• Data provided
===

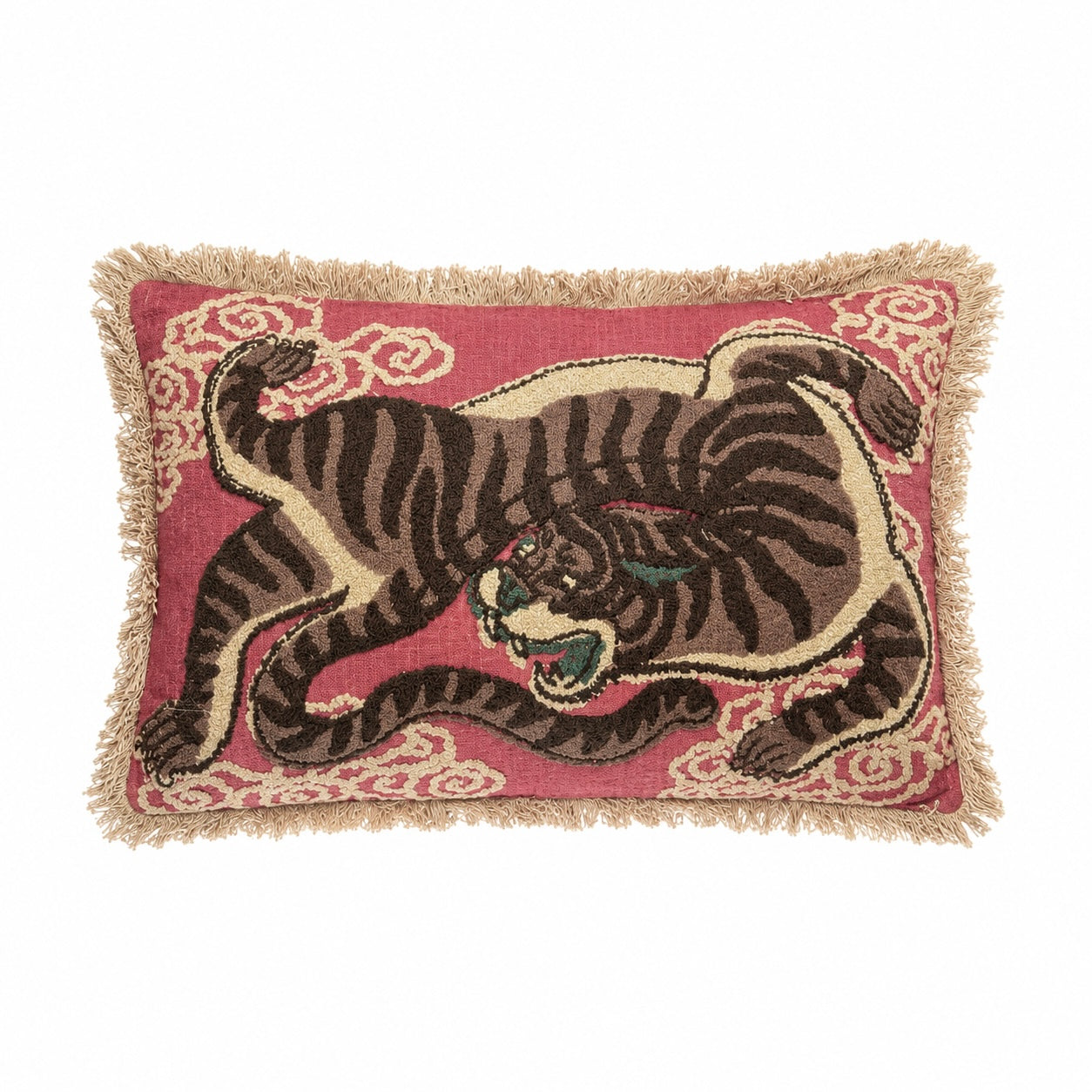 Dorji Towel Embroidered Handmade Tibetan Tiger Cushion with Fringe Trim 30 x 46cm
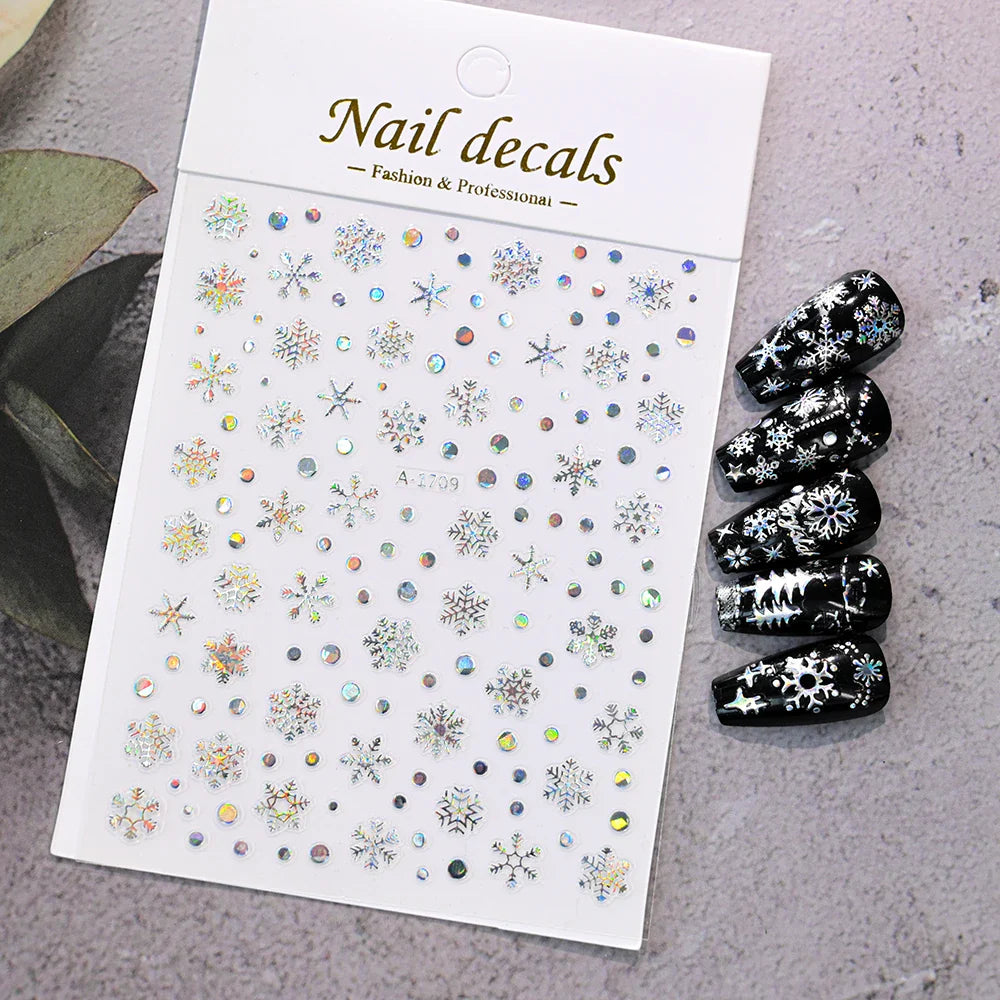 1PCS Laser Gold Snowflake Christmas Tree Nail Sticker 3D Adhesive Nail Decals Nail Art Accessories New Christmas Decoration 2024 (ONLINE ORDER ONLY)
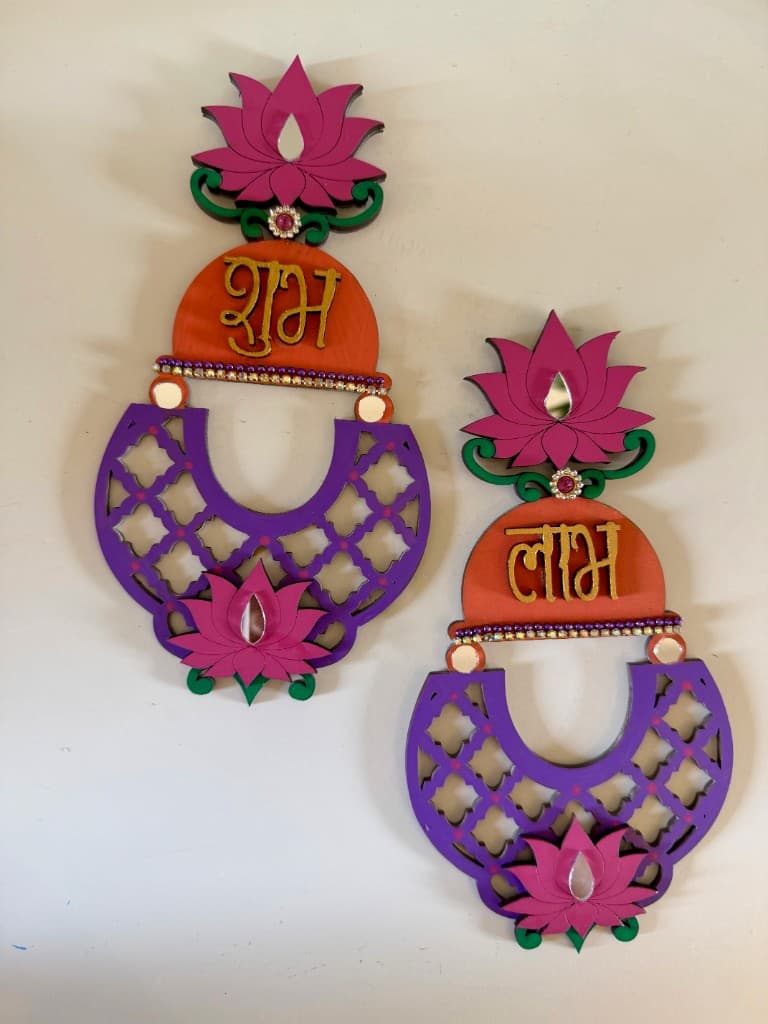 Chandbali Jali Shubh-Labh - Yellow Red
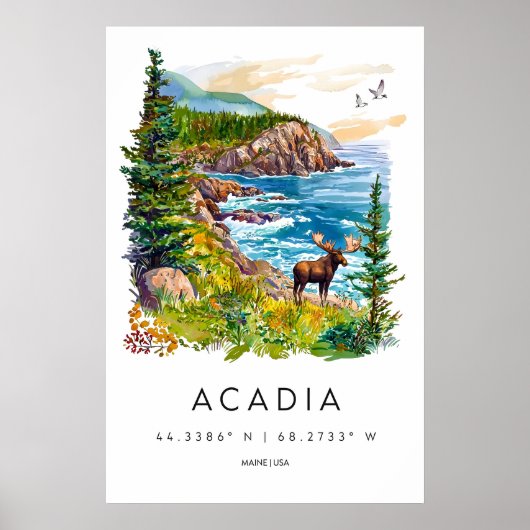 Affiche de voyage à l'aquarelle d'Acadia Vintage S (Devant)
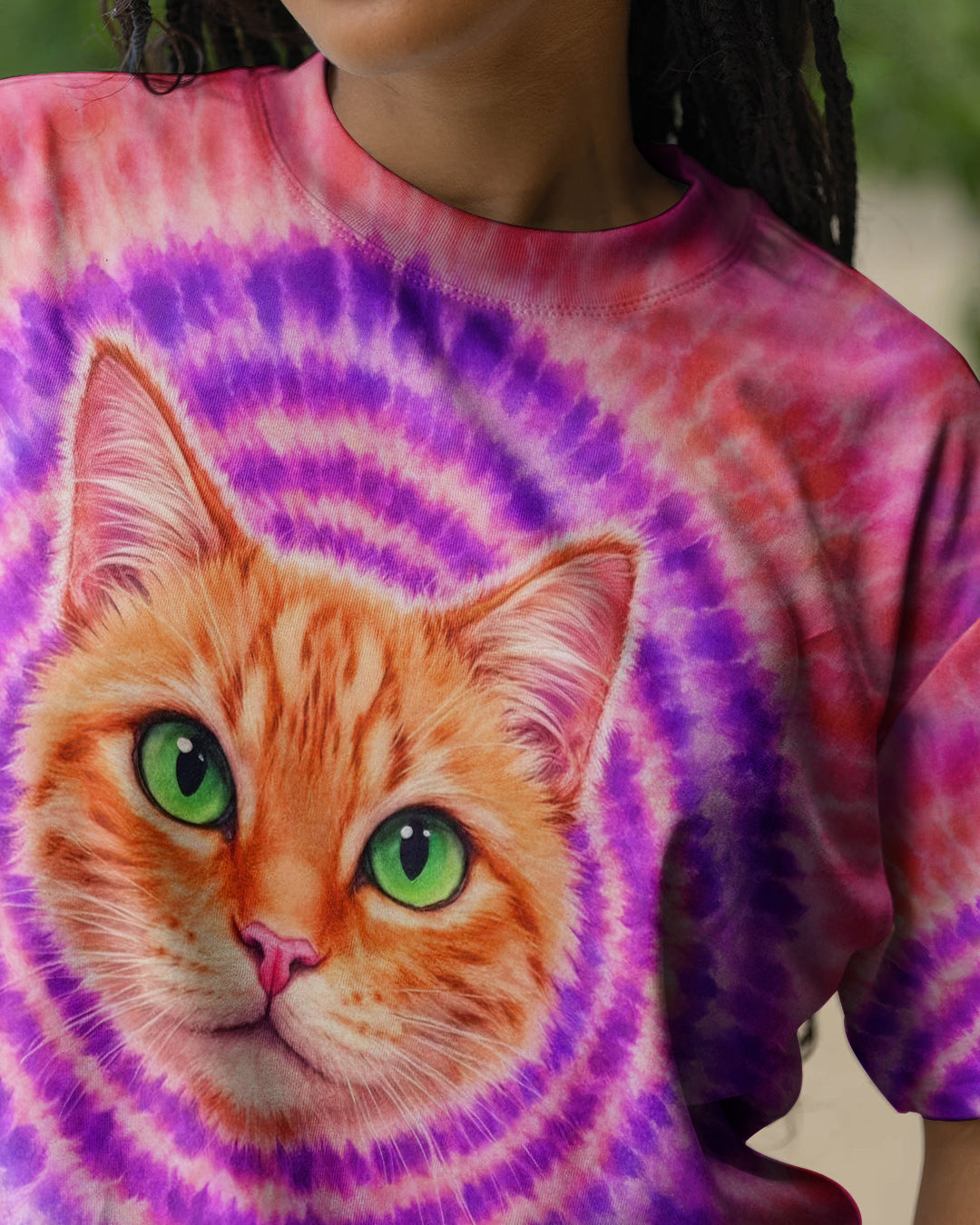 GINGER TABBY CAT PURPLE & PINK  SWIRL ALL OVER PRINT - TLHG0403262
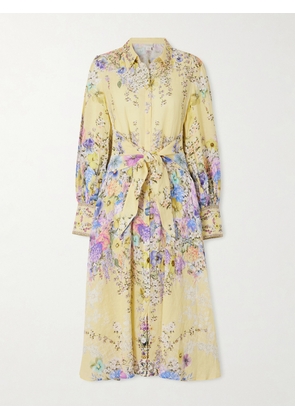 Camilla - Crystal-embellished Floral-print Silk And Linen-blend Midi Shirt Dress - Yellow - x small,small,medium,large,x large,xx large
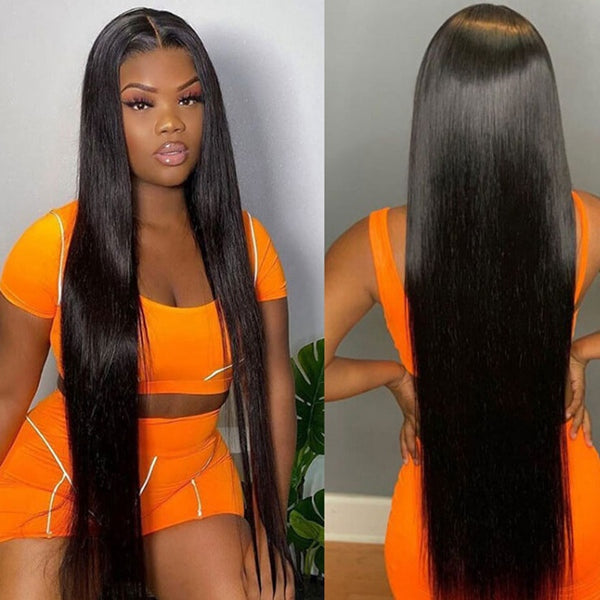 250 Density 40 Inch Long Straight Human Hair Wigs 13x6 HD Lace Frontal Wigs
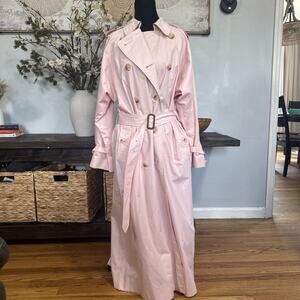 VTG Burberrys Trench Coat Pink Nova Check Designer Quiet Lux M/L?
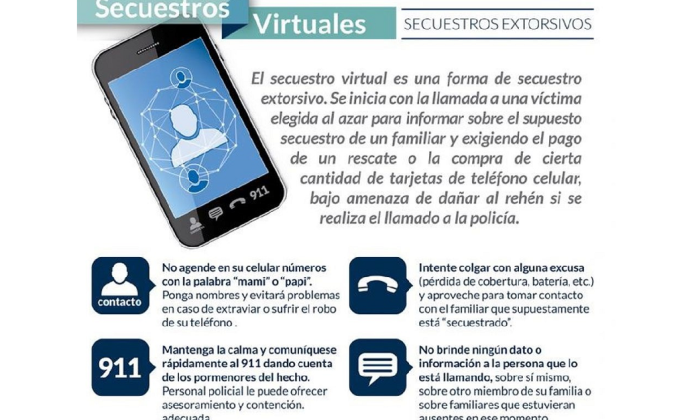 Recomendaciones para evitar secuestros virtuales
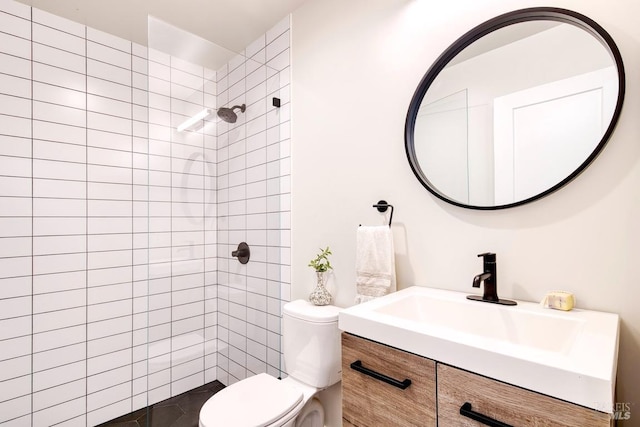 11 Cedar St, San Anselmo, CA 94960 - full bathroom featuring tiled shower, vanity, and toilet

===

The data above should be repeated in full and exactly, with no pictures carried over.

• Result of this exercise
 Dorji Towel Embroidered Handmade Tibetan Tiger Cushion with Fringe Trim 30 x 46cm
 1PCS Laser Gold Snowflake Christmas Tree Nail Sticker 3D Adhesive Nail Decals Nail Art Accessories New Christmas Decoration 2024 (ONLINE ORDER ONLY)
 Chandbali Jali Shubh-Labh - Yellow Red
 Affiche de voyage à l'aquarelle d'Acadia Vintage S (Devant)
 GINGER TABBY CAT PURPLE & PINK  SWIRL ALL OVER PRINT - TLHG0403262
 Camilla - Crystal-embellished Floral-print Silk And Linen-blend Midi Shirt Dress - Yellow - x small,small,medium,large,x large,xx large
 250 Density 40 Inch Long Straight Human Hair Wigs 13x6 HD Lace Frontal Wigs
 VTG Burberrys Trench Coat Pink Nova Check Designer Quiet Lux M/L?
 Recomendaciones para evitar secuestros virtuales
 11 Cedar St, San Anselmo, CA 94960 - full bathroom featuring tiled shower, vanity, and toilet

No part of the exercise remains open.